**YOUR TASK:** Starting with the line that contains "Lacivert Erkek Çocuk", repeat each line exactly through the final line of the listing. No picture should appear in the copy.

**DATA SHOWN:**
= = =

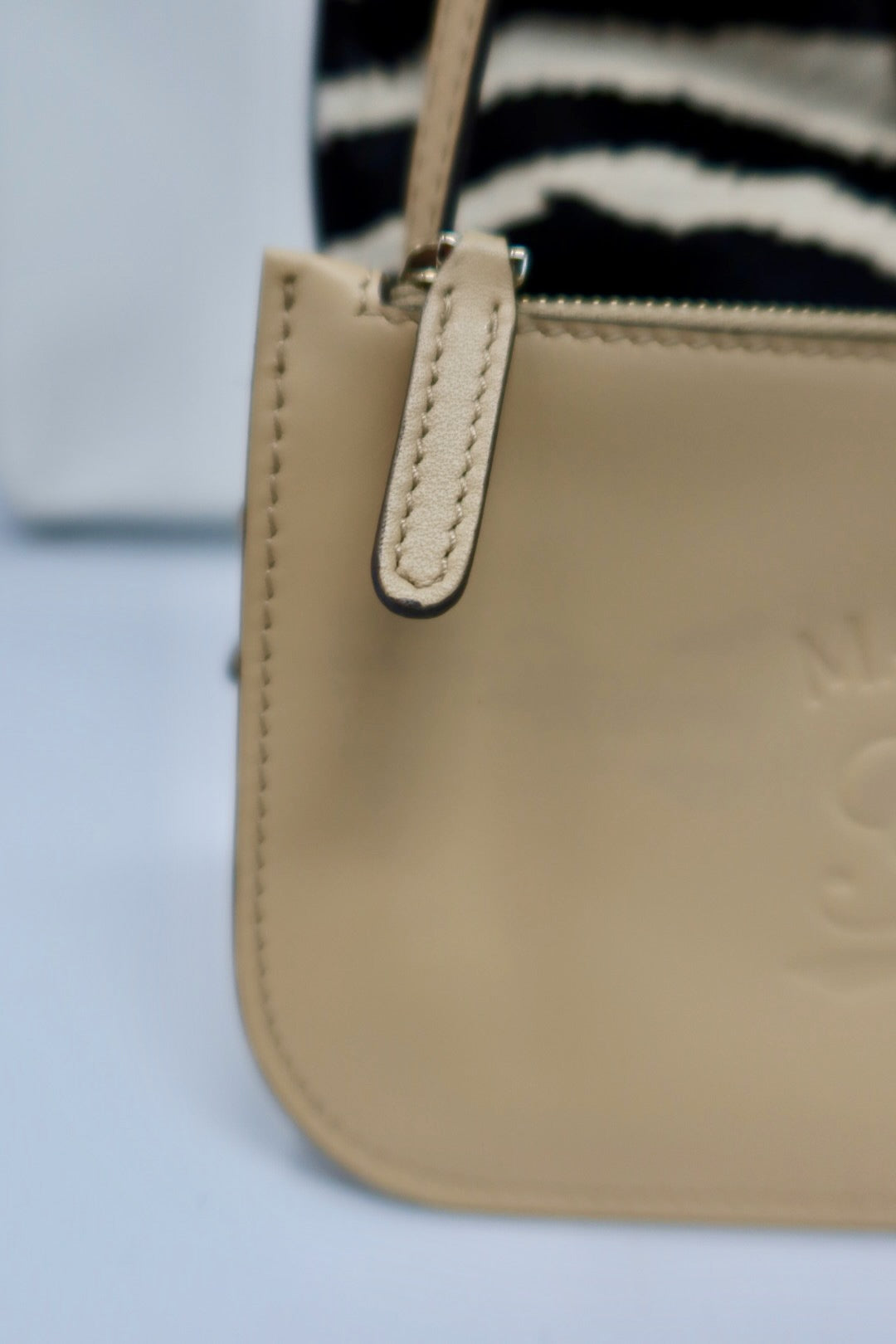 Gucci Calf Leather Tote Bag Zebra Pattern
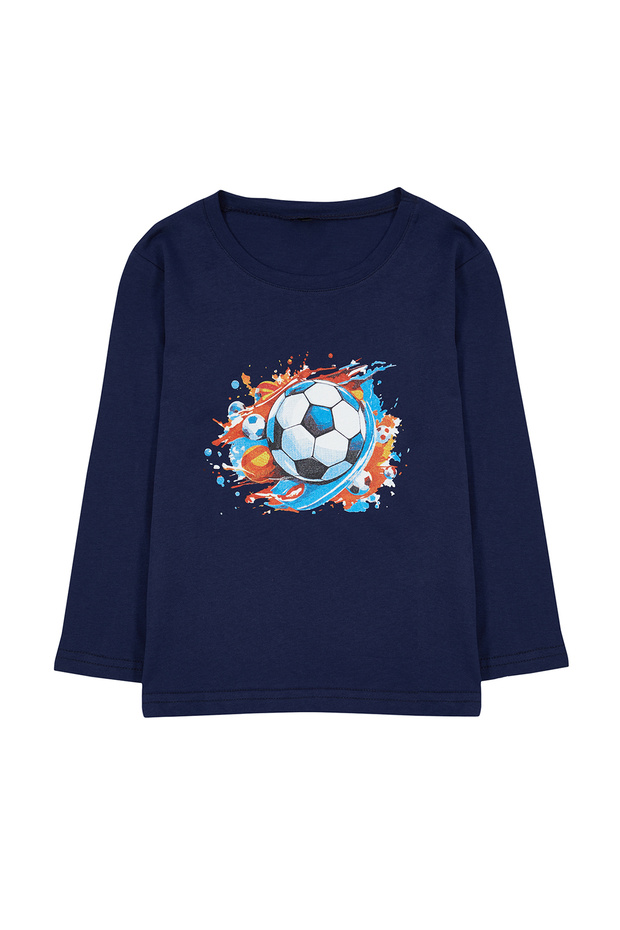 Lacivert Erkek Çocuk %100 Pamuk Spor Desenli Regular Kalıp Uzun Kol Örme T-Shirt TKDAW25TS00009 - 2
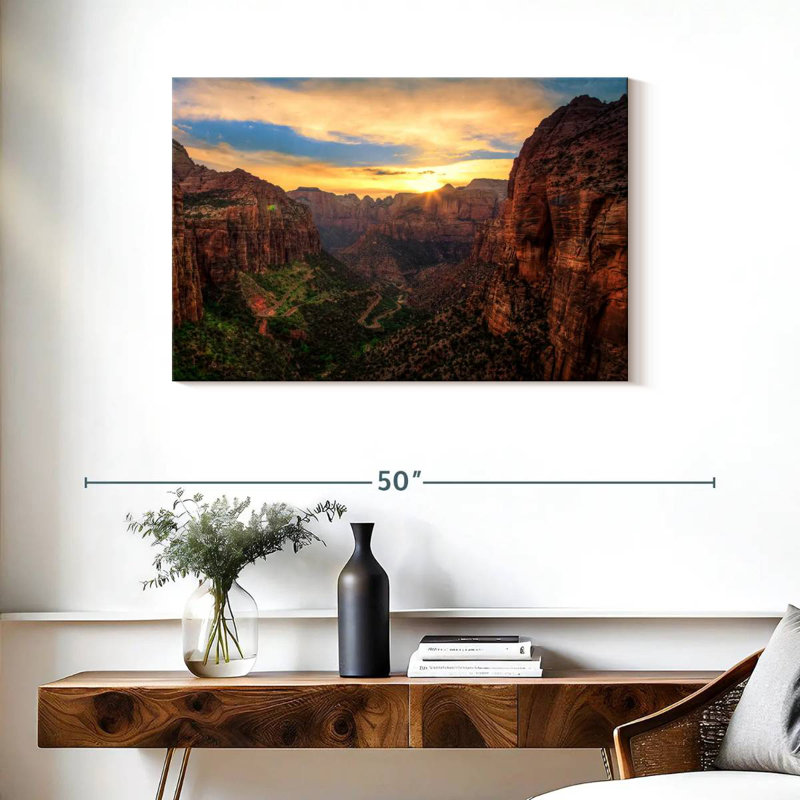Humeur au coucher du soleil au parc national Alvord Zion, H 24 po x l 36 po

= = =

**TASK RESPONSE:**
 Lacivert Erkek Çocuk %100 Pamuk Spor Desenli Regular Kalıp Uzun Kol Örme T-Shirt TKDAW25TS00009 - 2
Humeur au coucher du soleil au parc national Alvord Zion, H 24 po x l 36 po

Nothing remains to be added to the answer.